SDPA: CUDNN backend error w/ q_seq_len = 1 #138529

drisspg · 2024-10-22T00:08:09Z

Summary

Repro script

import torch
import torch.nn as nn
import torch.nn.functional as F


q = torch.randn(1, 16, 1, 64, device="cuda", dtype=torch.bfloat16, requires_grad=True)
k = torch.randn(1, 16, 2**16, 64, device="cuda", dtype=torch.bfloat16, requires_grad=True)
v = torch.randn(1, 16, 2**16, 64, device="cuda", dtype=torch.bfloat16, requires_grad=True)


from torch.nn.attention import sdpa_kernel, SDPBackend    

with sdpa_kernel(SDPBackend.CUDNN_ATTENTION):
    out = F.scaled_dot_product_attention(q, k, v)
    out.backward(torch.ones_like(out))

Error:

/home/drisspg/meta/pytorch/torch/autograd/graph.py:825: UserWarning: cuDNN SDPA backward got an innermost stride of 0 in grad_out, which is unsupported. Materializing a contiguous tensor which will increase memory usage... (Triggered internally at /home/drisspg/meta/pytorch/aten/src/ATen/native/cudnn/MHA.cpp:664.)
  return Variable._execution_engine.run_backward(  # Calls into the C++ engine to run the backward pass
Traceback (most recent call last):
  File "/home/drisspg/meta/scripts/sdpa/repro_gqa.py", line 15, in <module>
    out.sum().backward()
  File "/home/drisspg/meta/pytorch/torch/_tensor.py", line 624, in backward
    torch.autograd.backward(
  File "/home/drisspg/meta/pytorch/torch/autograd/__init__.py", line 347, in backward
    _engine_run_backward(
  File "/home/drisspg/meta/pytorch/torch/autograd/graph.py", line 825, in _engine_run_backward
    return Variable._execution_engine.run_backward(  # Calls into the C++ engine to run the backward pass
           ^^^^^^^^^^^^^^^^^^^^^^^^^^^^^^^^^^^^^^^^^^^^^^^^^^^^^^^^^^^^^^^^^^^^^^^^^^^^^^^^^^^^^^^^^^^^^^
RuntimeError: cuDNN Frontend error: [cudnn_frontend] Error: No execution plans support the graph.
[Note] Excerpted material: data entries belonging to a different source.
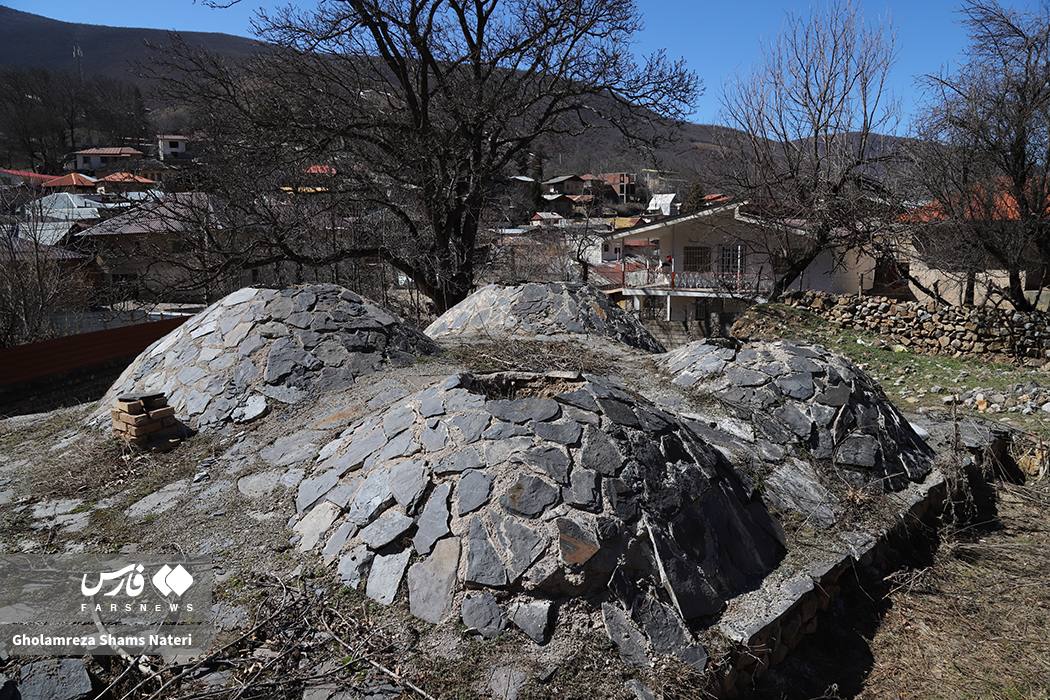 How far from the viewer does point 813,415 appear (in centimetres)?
520

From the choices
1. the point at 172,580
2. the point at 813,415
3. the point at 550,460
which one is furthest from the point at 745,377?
the point at 172,580

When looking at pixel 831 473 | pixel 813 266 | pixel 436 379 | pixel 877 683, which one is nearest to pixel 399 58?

cc @ptrblck @msaroufim @eqy @mikaylagawarecki

drisspg · 2024-10-22T00:10:35Z

FrontEnd Log: frontendlog.txt

BackendLog: backendlog.txt

eqy · 2024-10-22T00:26:17Z

Looks like it's not happy with sequence length 1, rather than the mismatched s_q vs. s_kv, forwarding to cuDNN...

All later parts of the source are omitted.